Sunanda K. Datta-Ray in The Telegraph:
This latest development presents India with a stark challenge. The desecration of St James Church in Bangalore, the murder of a nun and priest in Uttarakhand, rape, lynchings, vandalism, and the bomb blasts only three days before Id-ul-Fitr in Muslim-dominated towns suggest one of two explanations. Either they reflect a spreading popular mood or they are the handiwork of criminals. The state must decide and respond accordingly.
Happily, there are still pockets of tranquillity left in the country. No echo of violence in Kandhamal or Karnataka or of explosions in Mehrauli, Malegaon and Modasa disturbs the serenity of Guwahati’s Ward Memorial Church.
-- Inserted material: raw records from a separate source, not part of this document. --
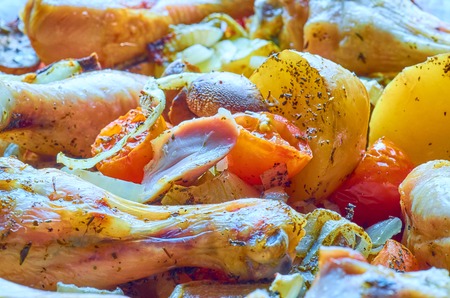 Baked roast chicken legs with tomatoes, onions, potatoes, mushroomsの写真素材
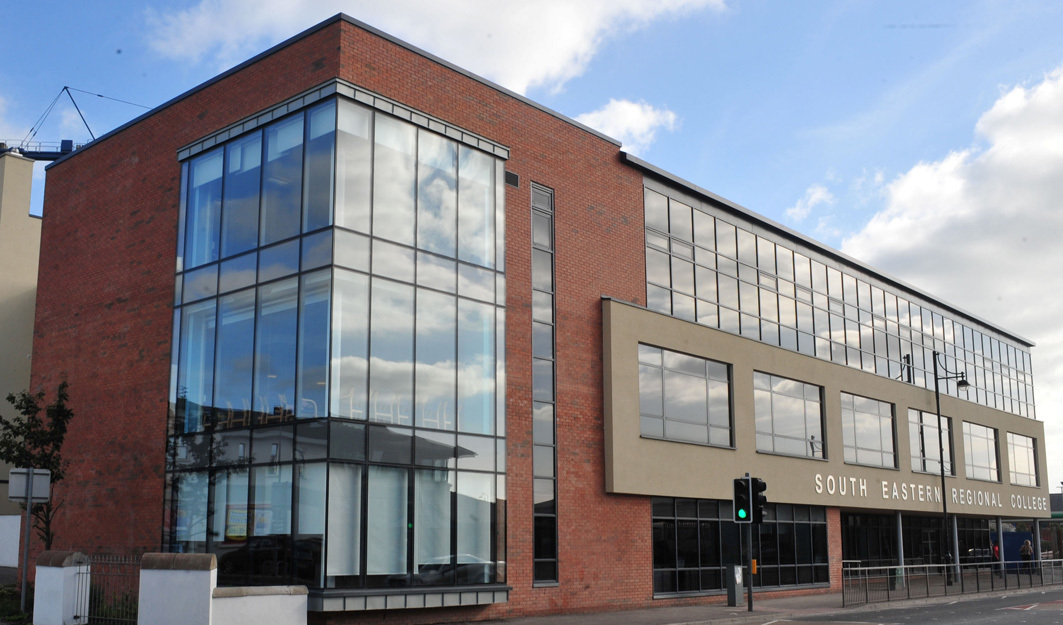 "Downpatrick Campus Block A with blue sky and clouds in background"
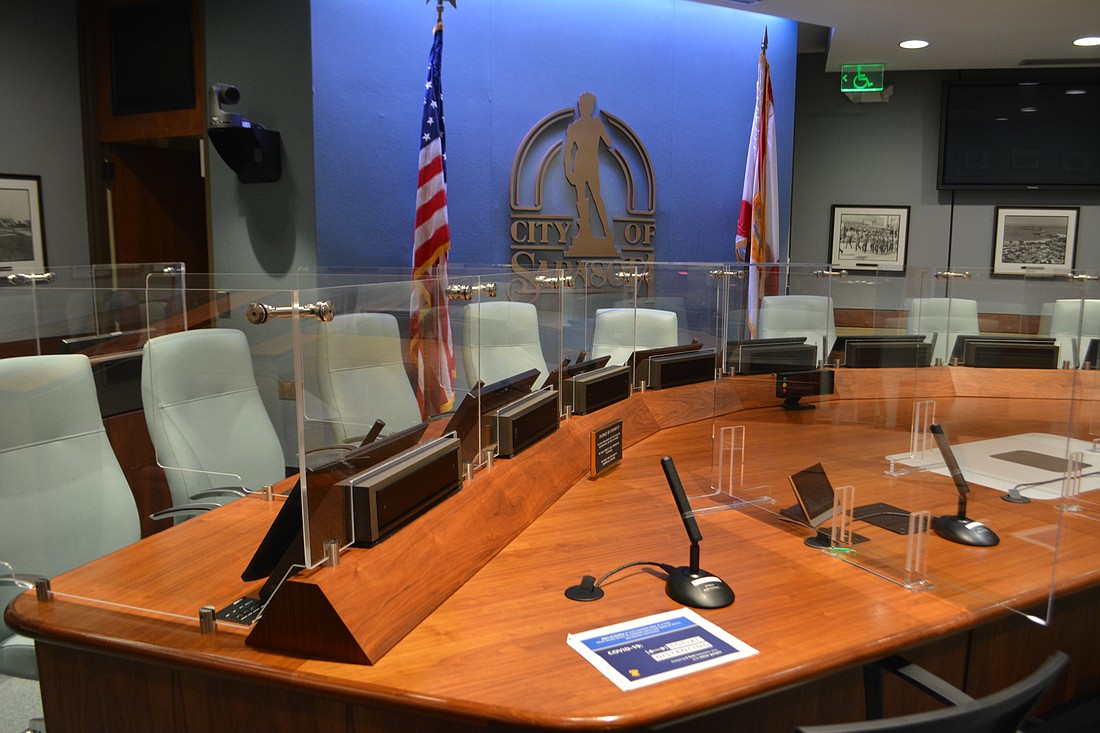 City staff has already installed plexiglass dividers at the commission table in advance of a return to in-person meetings.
In a further manifestation of the secularism that Jawaharlal Nehru dreamt of but Indira Gandhi institutionalized with her controversial 42nd amendment, the pastor is called Aziz-ul Haque. Yet, recalling the charges that were levelled against missionaries during Assam’s “Bangal kheda” movement long before the illegal influx from East Pakistan or Bangladesh, the American Baptist, William Ward, after whom the church was named long after his death in 1873, might have met Graham Staines’s fate if he had been living today and happened to be in the wrong place at the wrong time.